The initial report of the Tax Working Group (TWG), was released yesterday. It suggests that no separate Capital Gains Tax should be introduced, but rather that the idea of “income” could be extended to include various forms of capital gain.

The impact of this would see these gains being taxed at the taxpayer’s marginal rates as “income”.  This approach is contrary to past Labour proposals and the approach of some countries, which have a separate tax regime, and a tax rate likely to be lower than marginal rates. Such rules could include gains on most forms of investment including equity and property, however the family home would be excluded.

A “valuation day” approach is suggested which would mean only gains, on all assets, from the implementation date would be subject to tax.  There are various suggestions of how the value at that date will be arrived at.  However, it is fair to say the valuers will be gearing up for the extra work that the implementation of this tax would produce.

The TWG was established last year by the incoming labour-led government, and was given the brief to take a big-picture review of the fairness and effectiveness of NZ’s tax system.  Being chaired by former finance minister, Sir Michael Cullen, the TWG was widely expected to address the idea of taxes on capital gains, and their interim report has produced no surprises here.

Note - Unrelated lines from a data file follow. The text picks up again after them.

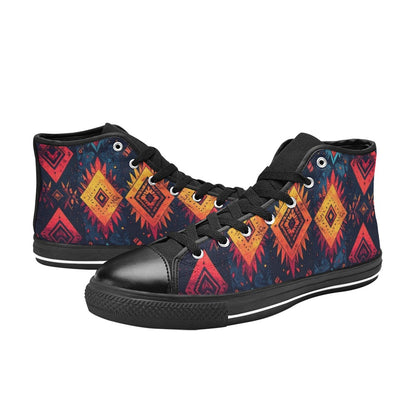 Wild Tribal Ripple 2 Men's High Top Canvas Shoes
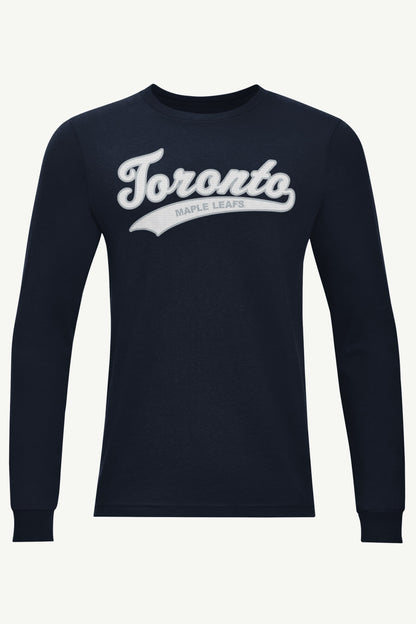 MENS TORONTO MAPLE LEAFS TAILSWEEP LONG SLEEVE T SHIRT - Navy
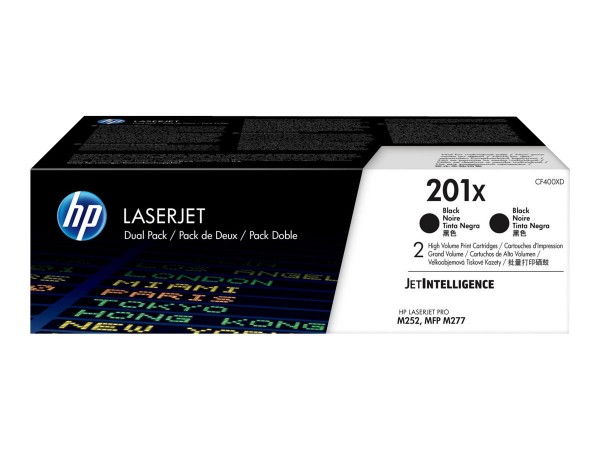 HP Confezione da 2 cartucce toner nero originale ad alta capacità LaserJet 201X - 5600 pagine - Nero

A second option of taxing investment assets based on a deemed return is mentioned, however it seems highly unlikely such a method would be applied.  Perhaps this is raised to give the report a perception of balance, when it was clear from the start that the taxing of realised investment gains was always going to be suggested as an outcome.

The TWG has requested submissions, and the Finance minister, Grant Robertson has reiterated earlier statements that no changes will be implemented this term.  We expect that the final recommendations of the TWG will form a key issue in the run up to the 2020 general election.